Analytic Representations of Bath Correlation Functions for Ohmic and Superohmic Spectral Densities Using Simple Poles

TL;DR

This paper introduces a method to analytically represent bath correlation functions for various spectral densities using simple poles, aiding open quantum system modeling and emphasizing the importance of low-frequency behavior.

Contribution

It presents a novel class of fit functions enabling analytic calculation of bath correlation functions for ohmic and superohmic spectral densities using pole expansions.

Findings

Effective fitting of spectral densities for photosynthetic complexes.

Analytic expressions for bath correlation functions derived.

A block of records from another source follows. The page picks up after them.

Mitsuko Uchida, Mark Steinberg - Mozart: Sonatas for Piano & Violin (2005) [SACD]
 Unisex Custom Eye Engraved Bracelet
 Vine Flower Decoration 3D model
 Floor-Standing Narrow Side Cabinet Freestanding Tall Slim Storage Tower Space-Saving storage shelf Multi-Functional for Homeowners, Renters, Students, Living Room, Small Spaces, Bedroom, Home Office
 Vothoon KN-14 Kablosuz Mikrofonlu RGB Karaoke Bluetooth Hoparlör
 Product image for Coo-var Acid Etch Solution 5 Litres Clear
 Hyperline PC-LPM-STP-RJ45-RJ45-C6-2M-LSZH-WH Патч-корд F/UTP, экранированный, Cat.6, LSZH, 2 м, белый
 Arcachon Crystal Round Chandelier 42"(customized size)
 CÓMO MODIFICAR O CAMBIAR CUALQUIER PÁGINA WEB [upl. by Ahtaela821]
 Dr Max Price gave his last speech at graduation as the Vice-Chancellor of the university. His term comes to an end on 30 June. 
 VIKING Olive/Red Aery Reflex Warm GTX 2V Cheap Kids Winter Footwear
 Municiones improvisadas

Proper low-frequency behavior is crucial for accurate spectral fits.

Abstract

We present a scheme to express a bath correlation function (BCF) corresponding to a given spectral density (SD) as a sum of damped harmonic oscillations. Such a representation is needed, for example, in many open quantum system approaches. To this end we introduce a class of fit functions that enables us to model ohmic as well as superohmic behavior. We show that these functions allow for an analytic calculation of the BCF using pole expansions of the temperature dependent hyperbolic cotangent. We demonstrate how to use these functions to fit spectral densities exemplarily for cases encountered in the description of photosynthetic light harvesting complexes. Finally, we compare absorption spectra obtained for different fits with exact spectra and show that it is crucial to take properly into account the behavior at small frequencies when fitting a given SD.